P99

◆ P99_LCOPY

#define P99_LCOPY (   TYPE,
  VAR,
  ... 
)    ((TYPE)P99_DESIGNATED(VAR, __VA_ARGS__))

Construct a compound literal of type TYPE by copying fields of VAR.

The argument list must be composed of designators, something like

struct toto { int a; int b; } A = { .a = 9, .b = 7 };
struct toto B = P99_LCOPY(struct toto, A, .b);
double C[4] = { 1, 2, 3, 4 };
double *D = P99_LCOPY(double[4], C, [0], [2]);

So here B.b is initialized with the value of A.b and B.a, since .a is not in the list, is initialized by 0. Likewise D gets copies of C[0] and C[2] and the other fields are initialized to 0.
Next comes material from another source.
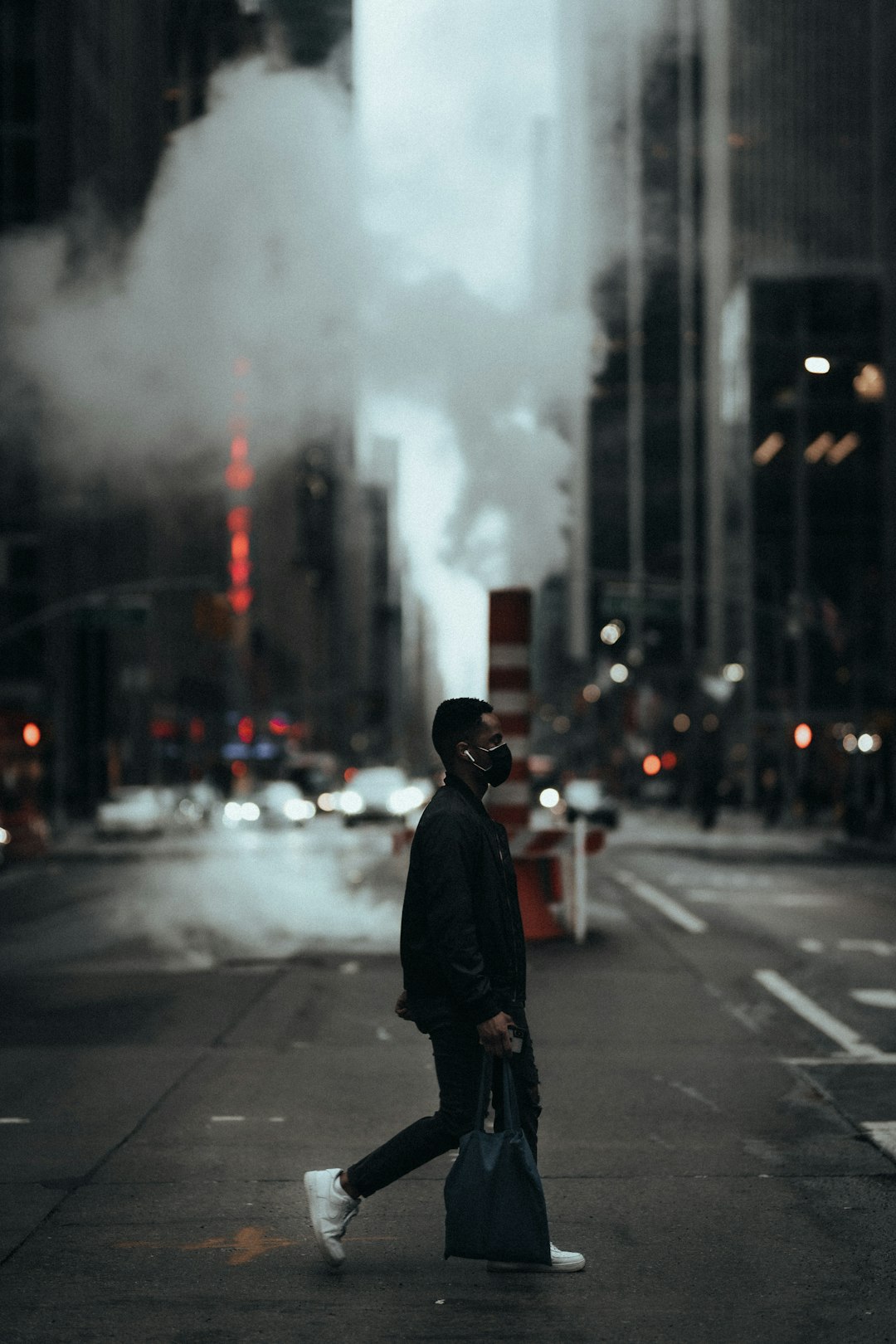 man in black coat standing on road during daytime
This is probably best used indirectly inside a type specific macro. E.g if you know that the copy operation for toto as above should always copy only .b and not .a you could do

#define TOTO_LCOPY(A) P99_LCOPY(struct toto, A, .b);
struct toto B = TOTO_LCOPY(A);
See also
P99_DESIGNATED
Warning
argument 1 may be evaluated multiple times
Remarks
argument 0 should correspond to a type that is not a VLA.
argument 2 must be a field designator
argument 3 must be a field designator
argument 4 must be a field designator

Definition at line 299 of file p99_map.h.

P99_LCOPY
#define P99_LCOPY(TYPE, VAR,...)
Construct a compound literal of type TYPE by copying fields of VAR.